Only a few years ago, CMS Wire cited that more than a third of marketing leaders relied on a best-of-breed stack over a single vendor suite. This stand-alone solution matrix resulted in an expensive web of disparate solutions needing integration of isolated data across multiple customer-facing applications.
Businesses were left hungry to see a return on their CX solution investment. And when that return didn’t materialize, they were left starving due to increased business costs to maintain and support these systems.
Today, Forrester recommends companies to “prioritize investments in normalizing and augmenting data from disparate systems and sources as well as customer analytics and tools.”
In a cookieless future, data authentication is key to creating customer relationships and understanding the intent of collected data in downstream systems.
We’re now living in a new reality. With unstable economic headwinds and a looming recession, businesses that maximize revenue growth by tightening budgets and cutting the operational costs will be those best situated for the future. Yet, the biggest challenge is how to maximize operational efficiency without sacrificing on customer experience.
According to Forbes, the majority of CX leaders think their budgets will increase in 2023, but a fragile economy puts those budgets at risk. CX teams will have to do more with less and focus on projects with the highest return on investment.
Therefore, the new reality for every company is this: Optimize your operating margin.
No company in the world has mastered it completely. But according to McKinsey, by embedding customer experience within an organization and its operating model, companies can provide superior customer experience and realize tangible business impact.
We also know that the CX buyer is no longer the CMO, but rather the CFO with a focus on efficiency, automation, consolidation, and processes that will positively impact the bottom line.
Providing outstanding customer experiences is not the sum of seven clouds, but rather, by engraining CX into every functional area of the entire company, organizations can provide an unmatched, personalized customer journey that builds loyalty and trust.

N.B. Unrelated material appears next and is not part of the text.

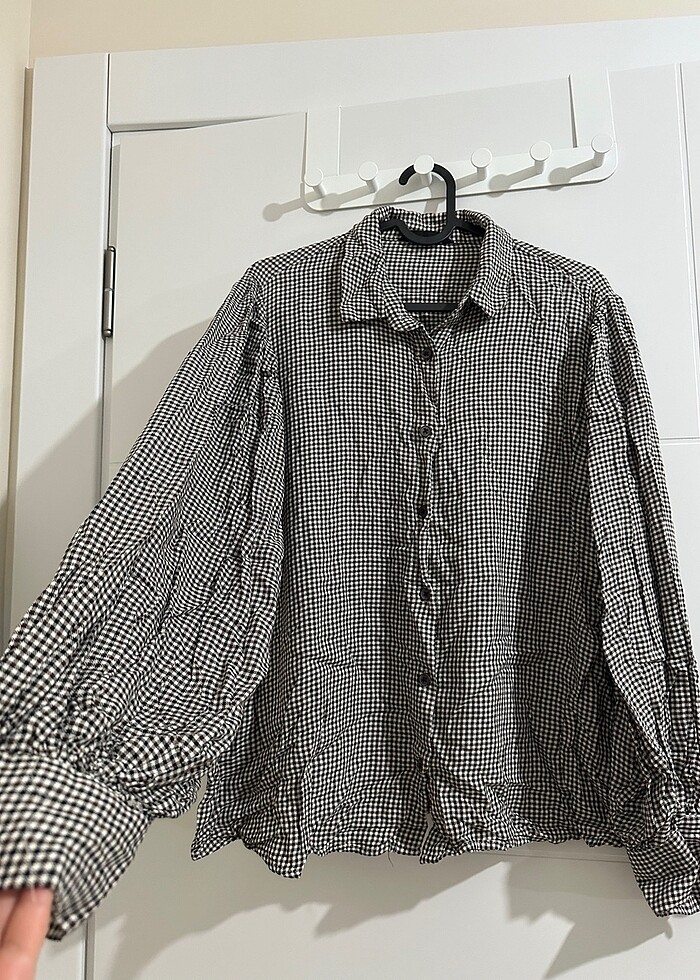 Ekoseli uzun kollu gömlek - Görsel 2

Companies are looking to IT solutions and service providers to help them be agile, boost efficiency, and remain competitive in a tough economy.
Per McKinsey, the best-in-suite CX approach embeds customer-centricity in the daily decision making of those who have profit-and-loss (P&L) accountability, as opposed to outsourcing it to a standalone function.

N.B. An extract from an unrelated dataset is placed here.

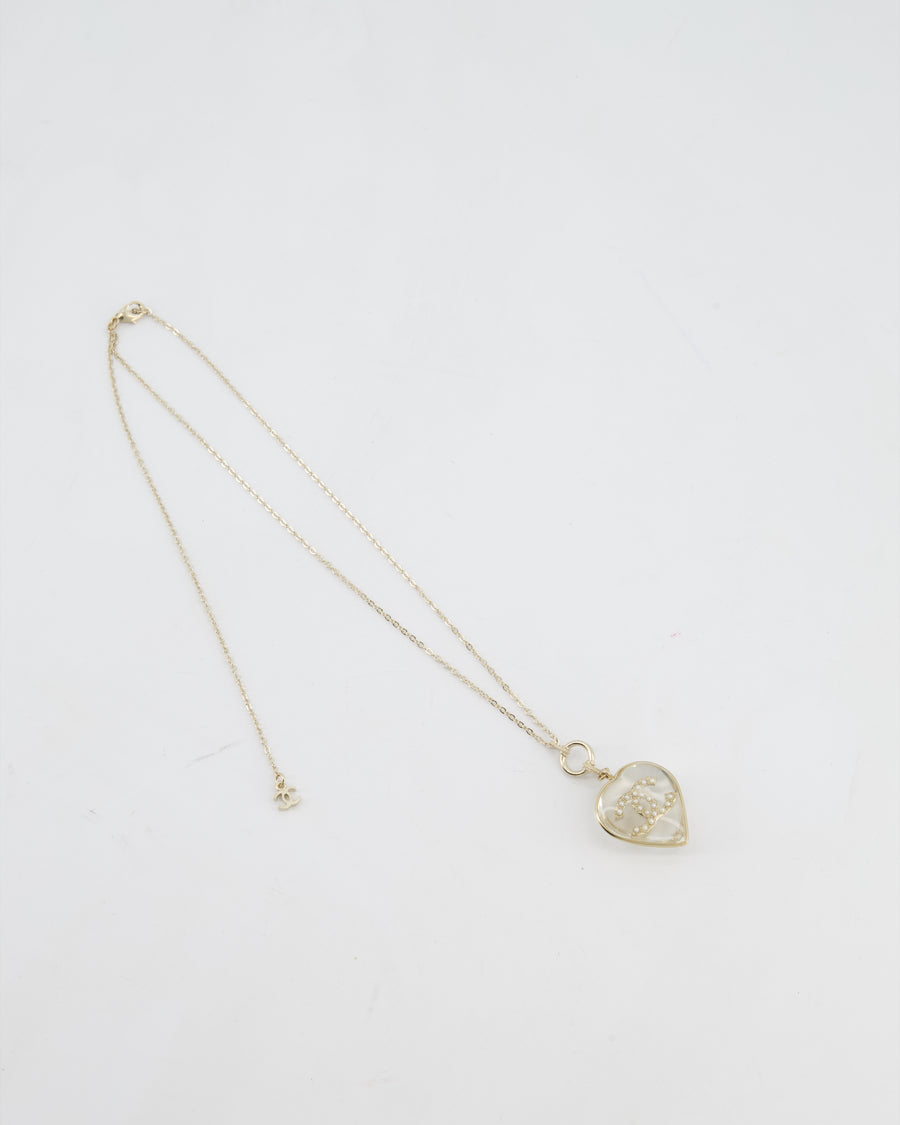 Chanel 16/P Gold CC Coco Heart Resin Pendant Chain Necklace with Pearl Details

Solutions should natively connect to a business’s cloud ERP through to the last mile of a customer’s experiences spanning e-commerce, sales, service, and marketing — all with the industry-specific best practices.
Forrester builds on that point in their 2023 CX report, encouraging businesses leaders to prioritize investments that also reduce operational costs such as document extractions, robotic process automation (RPA), and agent assist apps.
At SAP, we offer a best-in-suite and industry driven approach to help our customers provide outstanding CX. By linking CX at the intersection of accounts receivables (finance, ERP) and revenue growth management (sales, service, and marketing), companies see faster time to value and lower TCO. And by linking front end data (sales and marketing) and back-office data (finance, ERP, commerce) businesses can improve upsell, customer retention, and overall customer lifetime value.
The only known certainty is that change is always imminent. But with the right infrastructure in place, connected from the front end to back end with deep industry specialization, your company will save on operating costs, and be well prepared for the next chapter of growth and change.